ナカノムラアヤスケ『転生ババァは見過ごせない! 2:元悪徳女帝の二周目ライフ』

 帝国の負の遺産に直面する羽目になるババァ。
 盗賊団を壊滅させて、ため込んだ財産ごとハンターギルドに引き渡したラウラリス。ちょろまかした野盗のお宝に混じっていた呪具から、帝国の亡霊「亡国を憂える者」なる帝国復活を目論む連中と事を構えることになる。
 一方、別の勢力らしき腕利きの男が、同じく呪具を探していて、協力を依頼してくる。互いに警戒しあいながら、「亡国」の幹部の一人エカロを追うことになる。


 潜伏先の町に移動。そこでは次々に女性がさらわれていた。当りをつけた商会に、貴族令嬢っぽい姿で潜入するが、単純にコスプレショップであった。そこで、怪しい動きをしている誘拐被害者の存在を知り、その大商会が協力していることを確認。彼らの伝手を使って、アジトへの侵入を試みる。
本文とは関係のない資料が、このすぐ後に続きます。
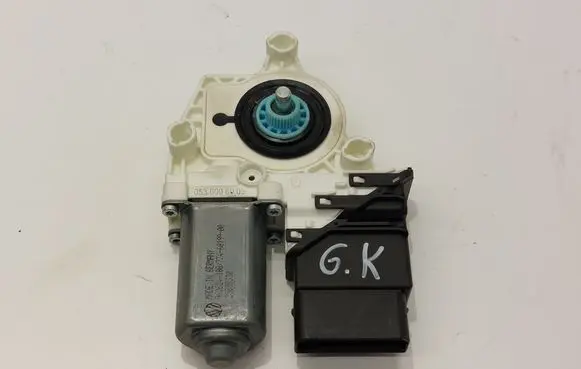 Volkswagen Tiguan Rear door window regulator motor 1K0959794E 5N0959703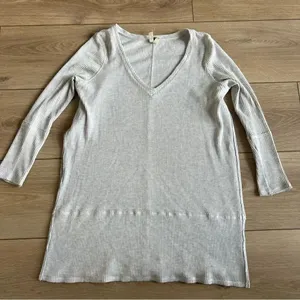 We the Free Split Side Tuesday Tunic V-Neck Knit Top Size Large Light Grey thumbnail 6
敵地に武装解除された状態で潜入というリスクを高い手を平然と使ってくるラウラリスさん。まったく危なげはなかったけど…
 エカロの降霊術でラウラリスを呼び出そうという試み、すでに本人が復活している時点で失敗が約束されているんだよな。
 本拠に突入し、降霊術の犠牲になりそうな女性も保護、エカロも倒され、一件落着と思いきや、最後の最後で呪具を使って降霊を実行するエカロ。そして、引き当てた霊は、ラウラリスの父親、彼女に簒奪された愚王だった。怨念を晴らそうとする悪霊ともう一度ぶっ殺せると大喜びの女帝の闘い。呪詛をあっさりと振り払い、膾切り。300年地獄に閉じ込められた悪霊をあっさりと成敗。
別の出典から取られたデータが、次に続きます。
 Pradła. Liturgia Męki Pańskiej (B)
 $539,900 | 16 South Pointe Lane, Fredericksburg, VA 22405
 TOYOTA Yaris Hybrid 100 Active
 悪徳女帝を倒した後、そのカラクリ、帝国に悪名を集める一方で、対抗勢力の育成、帝国に店じまい、に気付いた「勇者」は、その意志を継いで、裏で腐敗を糺す特務機関「獣殺しの刃」を復活。「全身連帯駆動」の使い手をその核として育成した、と。
 女帝を継ぐ者たち。そして、女帝の敵の残滓が明らかになる。
 しかしまあ、現実世界では、超法規的権限を与えられた特務機関とか、暴走する要素しかないよなあ。CIAしかり、KGBしかり。だいたい、体制護持で暴走するんだよな。


 あとは、ラウラリスの黒歴史、「美少女怪盗」w
 徹底的に再現されたコスチュームをみて、白目を剥くラウラリスさん。しかし、機能性は現物に迫るほどだったので、潜入に使うとか。


 番外編は「暴れん坊皇帝」。お忍びで、市井に紛れ込んで無道な貴族を叩き潰す。水戸黄門暴れん坊将軍と遠山の金さんが混ざっているような塩梅だな。裁きのシーンは遠山の金さん的な。